Write out, word for word, the line that contains "Engate Cinto Segurança" and each line after it down to the last line of the data below. Include nothing more.

BEGIN DATA UNDER STUDY

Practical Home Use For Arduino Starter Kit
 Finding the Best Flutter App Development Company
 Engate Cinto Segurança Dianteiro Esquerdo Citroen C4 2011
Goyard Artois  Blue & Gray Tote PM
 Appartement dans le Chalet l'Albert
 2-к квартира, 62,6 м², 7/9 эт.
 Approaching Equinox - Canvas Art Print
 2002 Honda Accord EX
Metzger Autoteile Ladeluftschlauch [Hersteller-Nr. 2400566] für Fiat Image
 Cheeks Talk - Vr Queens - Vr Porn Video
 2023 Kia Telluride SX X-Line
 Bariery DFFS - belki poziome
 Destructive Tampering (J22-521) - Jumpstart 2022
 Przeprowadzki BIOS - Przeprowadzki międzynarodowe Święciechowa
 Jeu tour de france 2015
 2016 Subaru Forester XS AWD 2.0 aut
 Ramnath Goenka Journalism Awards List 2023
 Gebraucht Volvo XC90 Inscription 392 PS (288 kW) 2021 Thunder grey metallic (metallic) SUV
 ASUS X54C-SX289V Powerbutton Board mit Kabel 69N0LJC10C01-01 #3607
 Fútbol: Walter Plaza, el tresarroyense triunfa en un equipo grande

END DATA UNDER STUDY

→ SOLUTION TO THIS EXERCISE:
 Engate Cinto Segurança Dianteiro Esquerdo Citroen C4 2011
Goyard Artois  Blue & Gray Tote PM
 Appartement dans le Chalet l'Albert
 2-к квартира, 62,6 м², 7/9 эт.
 Approaching Equinox - Canvas Art Print
 2002 Honda Accord EX
Metzger Autoteile Ladeluftschlauch [Hersteller-Nr. 2400566] für Fiat Image
 Cheeks Talk - Vr Queens - Vr Porn Video
 2023 Kia Telluride SX X-Line
 Bariery DFFS - belki poziome
 Destructive Tampering (J22-521) - Jumpstart 2022
 Przeprowadzki BIOS - Przeprowadzki międzynarodowe Święciechowa
 Jeu tour de france 2015
 2016 Subaru Forester XS AWD 2.0 aut
 Ramnath Goenka Journalism Awards List 2023
 Gebraucht Volvo XC90 Inscription 392 PS (288 kW) 2021 Thunder grey metallic (metallic) SUV
 ASUS X54C-SX289V Powerbutton Board mit Kabel 69N0LJC10C01-01 #3607
 Fútbol: Walter Plaza, el tresarroyense triunfa en un equipo grande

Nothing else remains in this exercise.